How to Discuss Test Coverage Goals in English

Learn the English vocabulary and phrases for discussing test coverage targets, testing strategy, and quality trade-offs with an engineering team.

Conversations about test coverage often go wrong not because teams disagree on the value of testing, but because “coverage” itself is used loosely — sometimes meaning a percentage metric, sometimes meaning confidence in correctness, and sometimes meaning something closer to risk reduction. Being precise in English about what you mean by coverage, and why a particular target matters, turns these discussions from abstract debates into concrete engineering decisions.
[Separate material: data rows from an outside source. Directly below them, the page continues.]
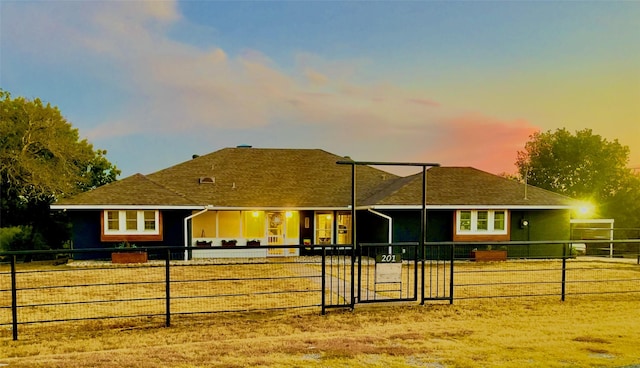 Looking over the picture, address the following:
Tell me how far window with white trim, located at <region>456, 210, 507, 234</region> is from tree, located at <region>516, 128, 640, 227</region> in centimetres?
3791

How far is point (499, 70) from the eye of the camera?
22.3 meters

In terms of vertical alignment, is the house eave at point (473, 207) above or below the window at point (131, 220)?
above

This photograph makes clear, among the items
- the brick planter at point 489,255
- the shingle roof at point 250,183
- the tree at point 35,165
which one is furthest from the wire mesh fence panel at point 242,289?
the tree at point 35,165

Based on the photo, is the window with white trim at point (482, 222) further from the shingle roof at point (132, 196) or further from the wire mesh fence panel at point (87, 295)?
the wire mesh fence panel at point (87, 295)

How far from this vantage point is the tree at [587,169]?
5219 cm

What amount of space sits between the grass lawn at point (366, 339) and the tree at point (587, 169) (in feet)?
168

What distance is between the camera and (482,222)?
21.8 metres

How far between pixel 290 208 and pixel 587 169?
168ft

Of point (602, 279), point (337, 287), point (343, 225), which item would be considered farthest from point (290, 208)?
point (602, 279)

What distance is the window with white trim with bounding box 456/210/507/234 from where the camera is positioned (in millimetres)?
21594

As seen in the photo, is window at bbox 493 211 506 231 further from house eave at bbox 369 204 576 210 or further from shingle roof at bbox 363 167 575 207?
shingle roof at bbox 363 167 575 207

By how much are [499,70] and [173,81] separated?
17.9m

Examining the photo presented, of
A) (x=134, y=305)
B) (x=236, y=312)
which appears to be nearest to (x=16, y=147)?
(x=134, y=305)

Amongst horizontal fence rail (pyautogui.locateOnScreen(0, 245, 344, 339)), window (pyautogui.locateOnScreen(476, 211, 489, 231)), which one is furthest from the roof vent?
window (pyautogui.locateOnScreen(476, 211, 489, 231)) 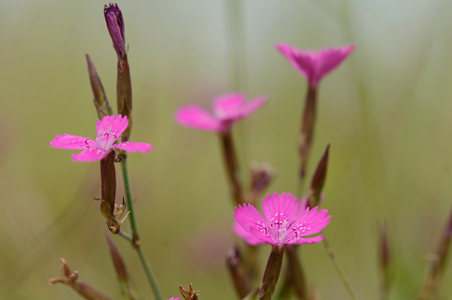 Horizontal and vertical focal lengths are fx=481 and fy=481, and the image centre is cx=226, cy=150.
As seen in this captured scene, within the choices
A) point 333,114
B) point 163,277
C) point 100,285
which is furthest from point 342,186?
point 100,285

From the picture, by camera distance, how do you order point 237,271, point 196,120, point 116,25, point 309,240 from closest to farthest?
point 309,240 → point 116,25 → point 237,271 → point 196,120

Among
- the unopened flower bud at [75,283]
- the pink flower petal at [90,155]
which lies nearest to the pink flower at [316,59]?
the pink flower petal at [90,155]

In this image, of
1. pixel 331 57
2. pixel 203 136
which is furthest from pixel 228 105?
pixel 203 136

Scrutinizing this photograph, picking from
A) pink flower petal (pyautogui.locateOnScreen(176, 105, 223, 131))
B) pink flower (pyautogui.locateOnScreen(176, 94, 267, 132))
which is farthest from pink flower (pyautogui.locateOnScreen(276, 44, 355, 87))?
pink flower petal (pyautogui.locateOnScreen(176, 105, 223, 131))

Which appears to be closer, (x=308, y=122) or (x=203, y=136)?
(x=308, y=122)

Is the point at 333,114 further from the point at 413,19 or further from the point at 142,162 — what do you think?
the point at 142,162

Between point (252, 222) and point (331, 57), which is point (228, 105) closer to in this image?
point (331, 57)

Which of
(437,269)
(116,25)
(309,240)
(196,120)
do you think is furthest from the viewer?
(196,120) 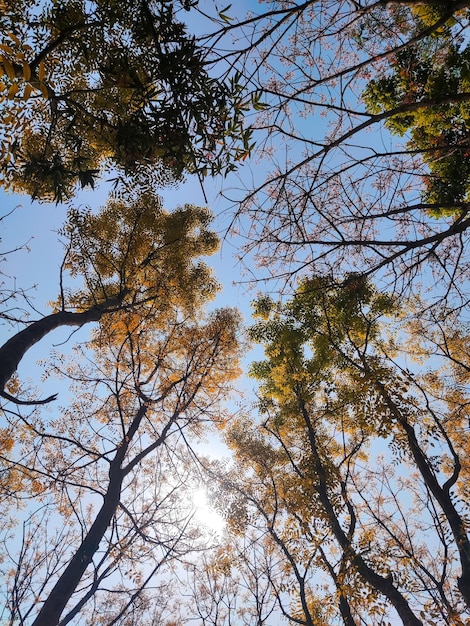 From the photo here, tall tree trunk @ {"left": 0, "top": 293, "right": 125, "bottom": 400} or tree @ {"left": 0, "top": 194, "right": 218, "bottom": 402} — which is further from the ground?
tree @ {"left": 0, "top": 194, "right": 218, "bottom": 402}

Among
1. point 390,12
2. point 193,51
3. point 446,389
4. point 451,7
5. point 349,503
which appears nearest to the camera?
point 451,7

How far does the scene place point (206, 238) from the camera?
9219 mm

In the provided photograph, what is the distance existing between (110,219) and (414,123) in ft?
23.7

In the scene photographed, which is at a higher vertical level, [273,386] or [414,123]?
[414,123]

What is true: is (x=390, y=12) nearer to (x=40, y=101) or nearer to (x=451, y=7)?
(x=451, y=7)

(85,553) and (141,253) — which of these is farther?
(141,253)

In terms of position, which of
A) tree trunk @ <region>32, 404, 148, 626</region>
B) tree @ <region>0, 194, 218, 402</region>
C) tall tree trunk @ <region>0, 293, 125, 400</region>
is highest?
tree @ <region>0, 194, 218, 402</region>

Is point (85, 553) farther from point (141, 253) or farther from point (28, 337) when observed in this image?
point (141, 253)

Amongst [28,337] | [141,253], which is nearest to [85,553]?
[28,337]

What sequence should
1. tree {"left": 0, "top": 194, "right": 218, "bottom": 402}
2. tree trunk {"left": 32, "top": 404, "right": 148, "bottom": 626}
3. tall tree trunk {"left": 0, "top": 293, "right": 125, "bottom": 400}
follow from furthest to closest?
1. tree {"left": 0, "top": 194, "right": 218, "bottom": 402}
2. tree trunk {"left": 32, "top": 404, "right": 148, "bottom": 626}
3. tall tree trunk {"left": 0, "top": 293, "right": 125, "bottom": 400}

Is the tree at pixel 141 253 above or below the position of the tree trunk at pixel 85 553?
Answer: above

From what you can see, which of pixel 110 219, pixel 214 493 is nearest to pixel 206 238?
pixel 110 219

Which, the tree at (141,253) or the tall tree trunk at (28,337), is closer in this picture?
the tall tree trunk at (28,337)

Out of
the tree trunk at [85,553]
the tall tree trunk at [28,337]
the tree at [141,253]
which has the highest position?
the tree at [141,253] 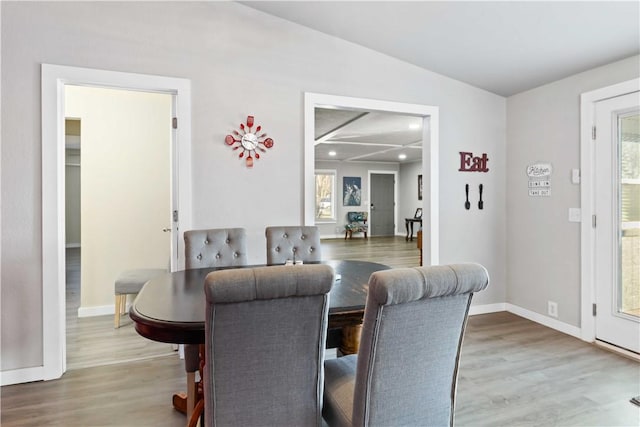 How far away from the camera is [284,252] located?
2.68m

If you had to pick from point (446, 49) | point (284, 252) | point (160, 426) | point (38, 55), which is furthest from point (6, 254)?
point (446, 49)

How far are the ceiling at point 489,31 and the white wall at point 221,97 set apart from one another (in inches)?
8.2

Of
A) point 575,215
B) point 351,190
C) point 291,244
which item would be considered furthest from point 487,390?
point 351,190

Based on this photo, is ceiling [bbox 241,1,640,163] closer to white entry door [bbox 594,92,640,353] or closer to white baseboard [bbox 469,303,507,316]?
white entry door [bbox 594,92,640,353]

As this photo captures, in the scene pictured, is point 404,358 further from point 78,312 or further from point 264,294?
point 78,312

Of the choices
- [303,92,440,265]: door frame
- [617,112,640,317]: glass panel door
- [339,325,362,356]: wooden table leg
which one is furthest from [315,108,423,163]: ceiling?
[339,325,362,356]: wooden table leg

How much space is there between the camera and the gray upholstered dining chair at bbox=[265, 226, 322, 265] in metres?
2.65

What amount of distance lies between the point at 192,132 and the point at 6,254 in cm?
149

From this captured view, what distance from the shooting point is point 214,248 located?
2.50 m

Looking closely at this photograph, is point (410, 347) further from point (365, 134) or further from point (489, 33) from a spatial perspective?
point (365, 134)

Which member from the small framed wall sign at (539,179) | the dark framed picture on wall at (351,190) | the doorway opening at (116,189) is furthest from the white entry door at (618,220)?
the dark framed picture on wall at (351,190)

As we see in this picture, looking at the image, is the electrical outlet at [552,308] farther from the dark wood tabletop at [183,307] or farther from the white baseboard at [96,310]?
the white baseboard at [96,310]

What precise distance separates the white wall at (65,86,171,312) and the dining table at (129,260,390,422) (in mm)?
2248

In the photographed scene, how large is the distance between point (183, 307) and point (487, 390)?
76.6 inches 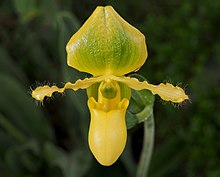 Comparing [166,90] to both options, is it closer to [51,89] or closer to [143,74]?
[51,89]

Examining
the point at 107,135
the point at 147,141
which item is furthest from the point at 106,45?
the point at 147,141

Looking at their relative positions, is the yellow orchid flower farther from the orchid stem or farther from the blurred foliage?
the blurred foliage

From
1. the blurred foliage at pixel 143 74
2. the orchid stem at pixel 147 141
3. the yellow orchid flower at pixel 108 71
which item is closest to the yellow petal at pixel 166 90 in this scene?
the yellow orchid flower at pixel 108 71

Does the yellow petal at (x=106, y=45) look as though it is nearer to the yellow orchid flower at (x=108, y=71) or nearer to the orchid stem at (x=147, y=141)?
the yellow orchid flower at (x=108, y=71)

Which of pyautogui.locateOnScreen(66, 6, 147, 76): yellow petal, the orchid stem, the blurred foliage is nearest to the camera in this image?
pyautogui.locateOnScreen(66, 6, 147, 76): yellow petal

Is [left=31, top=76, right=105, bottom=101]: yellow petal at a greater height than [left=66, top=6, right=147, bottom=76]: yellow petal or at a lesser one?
lesser

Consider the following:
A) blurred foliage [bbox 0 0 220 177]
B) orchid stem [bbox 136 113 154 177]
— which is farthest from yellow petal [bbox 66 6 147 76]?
blurred foliage [bbox 0 0 220 177]

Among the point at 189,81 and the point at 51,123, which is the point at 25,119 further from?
the point at 189,81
This post covers the vocabulary you need to discuss testing strategy clearly with your team.

Key Vocabulary

Code coverage — a metric describing the percentage of code lines, branches, or functions executed by the test suite, used as a rough proxy for how much of the codebase is exercised by tests. “Code coverage sits at 78% overall, but that number hides significant gaps in our payment processing module.”

Critical path — the core sequence of functionality that must work correctly for the system to fulfill its primary purpose, prioritized for testing regardless of overall coverage numbers. “Even at 100% coverage elsewhere, we treat the checkout critical path as requiring both unit and end-to-end tests, no exceptions.”
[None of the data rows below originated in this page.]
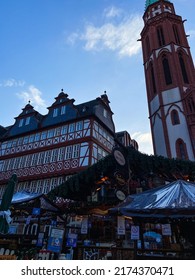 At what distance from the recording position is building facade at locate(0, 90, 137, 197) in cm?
1886

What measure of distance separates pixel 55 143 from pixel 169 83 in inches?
514

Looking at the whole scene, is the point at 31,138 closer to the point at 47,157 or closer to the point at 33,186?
the point at 47,157

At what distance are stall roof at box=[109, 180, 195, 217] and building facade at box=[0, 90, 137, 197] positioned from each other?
1238 cm

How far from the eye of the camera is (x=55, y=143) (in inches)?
816

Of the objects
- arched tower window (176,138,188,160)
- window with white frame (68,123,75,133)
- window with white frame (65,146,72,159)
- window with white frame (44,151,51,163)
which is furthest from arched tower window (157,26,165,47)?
window with white frame (44,151,51,163)

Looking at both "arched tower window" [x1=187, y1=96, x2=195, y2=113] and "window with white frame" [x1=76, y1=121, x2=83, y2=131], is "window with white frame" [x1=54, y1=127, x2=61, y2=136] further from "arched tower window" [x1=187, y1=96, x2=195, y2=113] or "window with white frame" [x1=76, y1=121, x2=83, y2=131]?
"arched tower window" [x1=187, y1=96, x2=195, y2=113]

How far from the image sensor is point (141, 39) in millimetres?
28500

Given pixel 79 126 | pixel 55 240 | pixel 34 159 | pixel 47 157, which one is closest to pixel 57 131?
pixel 79 126

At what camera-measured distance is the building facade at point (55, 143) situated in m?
18.9

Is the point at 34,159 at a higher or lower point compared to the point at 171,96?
lower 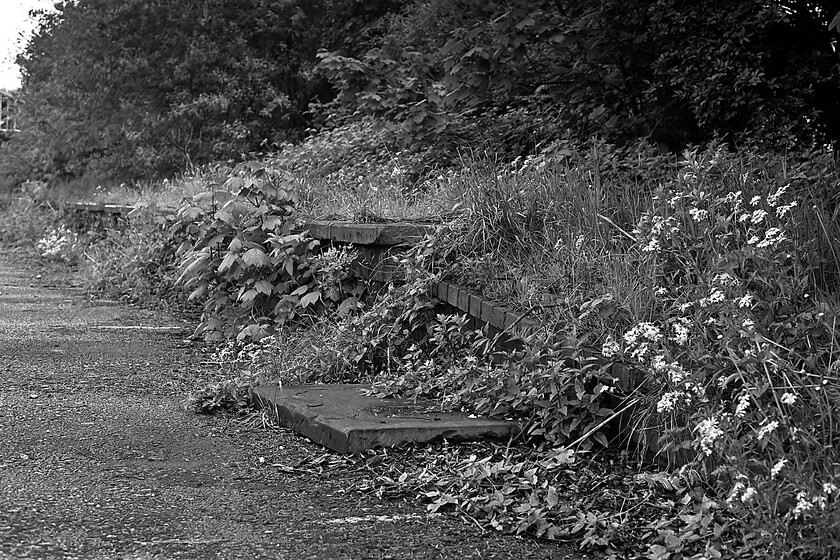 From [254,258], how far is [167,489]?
308cm

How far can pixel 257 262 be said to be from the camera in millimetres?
6195

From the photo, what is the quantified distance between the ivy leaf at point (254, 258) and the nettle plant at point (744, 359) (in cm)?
287

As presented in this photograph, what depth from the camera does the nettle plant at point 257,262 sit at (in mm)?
5922

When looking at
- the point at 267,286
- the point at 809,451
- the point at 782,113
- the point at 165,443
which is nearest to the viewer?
the point at 809,451

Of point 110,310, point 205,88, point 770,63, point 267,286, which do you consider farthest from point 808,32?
point 205,88

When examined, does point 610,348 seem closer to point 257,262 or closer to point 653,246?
point 653,246

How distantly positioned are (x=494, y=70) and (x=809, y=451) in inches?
249

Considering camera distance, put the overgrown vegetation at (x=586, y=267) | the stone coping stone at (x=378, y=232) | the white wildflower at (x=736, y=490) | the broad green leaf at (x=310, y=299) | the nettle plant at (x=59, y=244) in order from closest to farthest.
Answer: the white wildflower at (x=736, y=490) → the overgrown vegetation at (x=586, y=267) → the stone coping stone at (x=378, y=232) → the broad green leaf at (x=310, y=299) → the nettle plant at (x=59, y=244)

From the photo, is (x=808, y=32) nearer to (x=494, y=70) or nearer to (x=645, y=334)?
(x=494, y=70)

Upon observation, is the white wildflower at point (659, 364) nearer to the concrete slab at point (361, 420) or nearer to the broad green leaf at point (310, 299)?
the concrete slab at point (361, 420)

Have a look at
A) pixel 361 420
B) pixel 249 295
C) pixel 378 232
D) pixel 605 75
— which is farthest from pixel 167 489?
pixel 605 75

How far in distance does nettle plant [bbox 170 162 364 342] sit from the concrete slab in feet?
4.35

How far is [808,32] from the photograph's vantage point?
8.15 metres

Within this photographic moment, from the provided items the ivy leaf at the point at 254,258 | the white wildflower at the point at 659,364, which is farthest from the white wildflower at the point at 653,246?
the ivy leaf at the point at 254,258
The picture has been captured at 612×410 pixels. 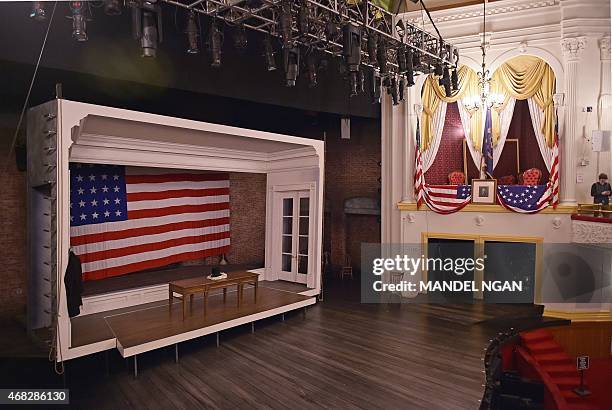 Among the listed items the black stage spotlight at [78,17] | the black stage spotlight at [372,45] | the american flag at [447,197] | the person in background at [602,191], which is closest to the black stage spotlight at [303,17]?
the black stage spotlight at [372,45]

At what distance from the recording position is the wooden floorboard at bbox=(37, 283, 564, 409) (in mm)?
4512

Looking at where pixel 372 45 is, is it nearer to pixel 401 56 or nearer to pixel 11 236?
pixel 401 56

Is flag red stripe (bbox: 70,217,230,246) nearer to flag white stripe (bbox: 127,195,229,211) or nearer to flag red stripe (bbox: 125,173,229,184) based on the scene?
flag white stripe (bbox: 127,195,229,211)

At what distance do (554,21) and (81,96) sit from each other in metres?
8.81

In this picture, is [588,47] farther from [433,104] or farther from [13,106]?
[13,106]

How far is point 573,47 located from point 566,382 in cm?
608

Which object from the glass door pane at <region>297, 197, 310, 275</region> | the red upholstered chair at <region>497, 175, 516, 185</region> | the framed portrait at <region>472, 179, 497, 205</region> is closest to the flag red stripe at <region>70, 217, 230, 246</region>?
the glass door pane at <region>297, 197, 310, 275</region>

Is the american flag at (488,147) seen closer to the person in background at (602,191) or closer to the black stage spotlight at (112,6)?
the person in background at (602,191)

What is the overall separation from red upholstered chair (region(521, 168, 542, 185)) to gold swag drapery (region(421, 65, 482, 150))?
48.3 inches

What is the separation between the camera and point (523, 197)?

Test pyramid — a model describing the recommended proportion of test types in a healthy suite: many fast unit tests, fewer integration tests, and a small number of slow end-to-end tests. “Our test pyramid is inverted right now — we have far more brittle end-to-end tests than unit tests, which is why the suite is slow and flaky.”

Coverage gap — a specific, identified area of the codebase with insufficient or no test coverage, called out explicitly rather than referenced through an aggregate percentage. “The biggest coverage gap is in our error handling paths — the happy path is well tested, but failure scenarios mostly aren’t.”
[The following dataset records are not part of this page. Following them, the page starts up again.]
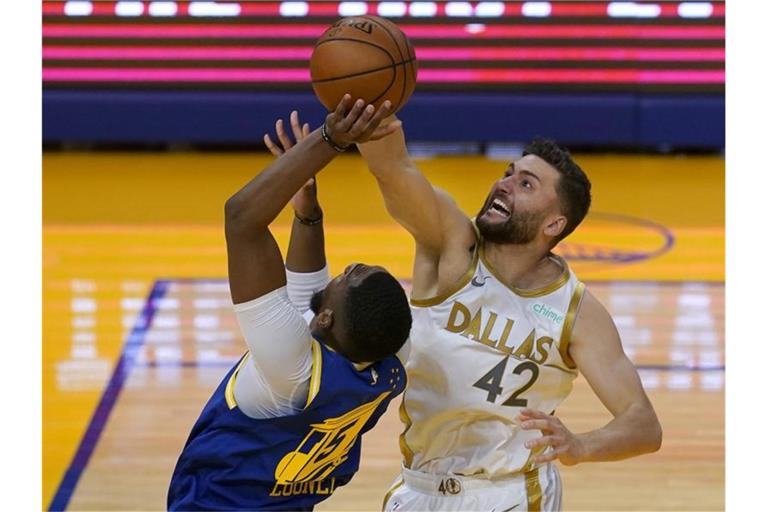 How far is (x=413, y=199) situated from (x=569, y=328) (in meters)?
0.68

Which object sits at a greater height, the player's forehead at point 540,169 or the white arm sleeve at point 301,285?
the player's forehead at point 540,169

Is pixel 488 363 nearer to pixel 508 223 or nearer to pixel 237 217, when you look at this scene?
pixel 508 223

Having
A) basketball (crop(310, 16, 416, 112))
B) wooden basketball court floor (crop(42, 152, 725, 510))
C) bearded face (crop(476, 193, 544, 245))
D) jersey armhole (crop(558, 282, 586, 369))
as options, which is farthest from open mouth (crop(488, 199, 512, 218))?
wooden basketball court floor (crop(42, 152, 725, 510))

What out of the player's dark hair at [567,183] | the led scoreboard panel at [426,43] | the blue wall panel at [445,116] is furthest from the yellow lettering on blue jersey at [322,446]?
the led scoreboard panel at [426,43]

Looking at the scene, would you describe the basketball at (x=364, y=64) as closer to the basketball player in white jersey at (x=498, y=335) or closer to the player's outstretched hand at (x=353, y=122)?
the basketball player in white jersey at (x=498, y=335)

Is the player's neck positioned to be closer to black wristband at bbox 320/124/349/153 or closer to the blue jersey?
the blue jersey

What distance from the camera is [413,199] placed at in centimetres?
404

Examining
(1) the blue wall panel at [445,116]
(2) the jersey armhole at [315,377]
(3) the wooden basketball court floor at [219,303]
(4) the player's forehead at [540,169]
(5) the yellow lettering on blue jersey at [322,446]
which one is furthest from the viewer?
(1) the blue wall panel at [445,116]

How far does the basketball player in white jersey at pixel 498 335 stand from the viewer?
408cm

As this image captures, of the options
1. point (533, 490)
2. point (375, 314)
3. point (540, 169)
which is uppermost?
point (540, 169)

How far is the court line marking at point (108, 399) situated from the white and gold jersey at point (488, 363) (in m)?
2.52

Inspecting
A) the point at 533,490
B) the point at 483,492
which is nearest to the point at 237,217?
the point at 483,492

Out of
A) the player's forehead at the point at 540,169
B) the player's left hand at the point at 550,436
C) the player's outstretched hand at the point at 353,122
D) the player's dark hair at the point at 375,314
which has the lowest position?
the player's left hand at the point at 550,436

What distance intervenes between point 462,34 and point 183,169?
3216 mm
Flaky test — a test that passes and fails inconsistently without any change to the underlying code, undermining confidence in the test suite as a whole. “We’re not adding new coverage to that module until we fix the flaky tests already there — a flaky suite is worse than no suite.”

Regression test — a test written specifically to confirm that a previously fixed bug does not reappear in future changes. “Every bug fix in this repository requires an accompanying regression test before merge — no exceptions.”

Risk-based testing — a testing strategy that prioritizes test effort based on the likelihood and impact of failure, rather than aiming for uniform coverage across the entire codebase. “We’re adopting risk-based testing — the billing service gets thorough coverage, while the internal admin tool gets lighter testing given its lower blast radius.”

Common Phrases

  • “Let’s not treat coverage percentage as the goal itself — it’s a proxy, and a flawed one.”
  • “This module is on the critical path, so it needs a higher testing bar regardless of overall targets.”
  • “We have a real coverage gap here, not just a low number — nobody has validated the failure scenarios.”
  • “The flaky tests are eroding trust in the suite; let’s stabilize before adding more.”
  • “I’d rather set a risk-based target than a blanket 80% coverage requirement across every service.”
  • “Let’s add a regression test for this specific bug before we close the ticket.”

Example Sentences

Proposing a coverage target in a team meeting: “Rather than mandating 90% coverage everywhere, I’d propose a risk-based approach: 90% or higher on payment and authentication code, and a lower, more flexible bar for internal tooling. This focuses our testing effort where a failure would actually hurt us.”

Explaining a coverage gap to a manager: “Our overall coverage number looks healthy at 82%, but that average is misleading — it hides a real gap in how we test failure and retry logic. I’d like to prioritize closing that gap before we add coverage elsewhere, since it’s a higher-risk area.”

Pushing back on a flaky test suite: “Before we invest in raising coverage further, I think we need to address the flakiness in our existing suite. Right now, about 15% of test runs fail for reasons unrelated to actual code changes, which means the team has started ignoring failures — that’s a bigger risk than any coverage gap.”

Professional Tips

  • Avoid treating code coverage as a single meaningful number in isolation — always pair it with which parts of the codebase are actually covered, since 80% coverage concentrated in low-risk code is far less valuable than 60% concentrated on the critical path.
  • Use “critical path” to justify a higher testing bar for specific code, rather than arguing for uniformly high coverage across an entire codebase — it is both more persuasive and more resource-efficient.
  • Raise flaky tests as a trust problem, not just a technical annoyance — a suite the team doesn’t trust provides less real protection than a smaller, reliable one.
  • Frame testing strategy conversations around risk-based testing when negotiating priorities with a manager or product owner — it reframes the discussion from “how much testing” to “where does testing matter most.”

Practice Exercise

  1. Write two to three sentences proposing a risk-based testing target instead of a flat coverage percentage for a new service.
  2. Draft a message to your team explaining that a specific module has a coverage gap in its error handling, not just a low overall number.
  3. Explain, in two sentences, why a flaky test suite can be more harmful than having no tests in that area at all.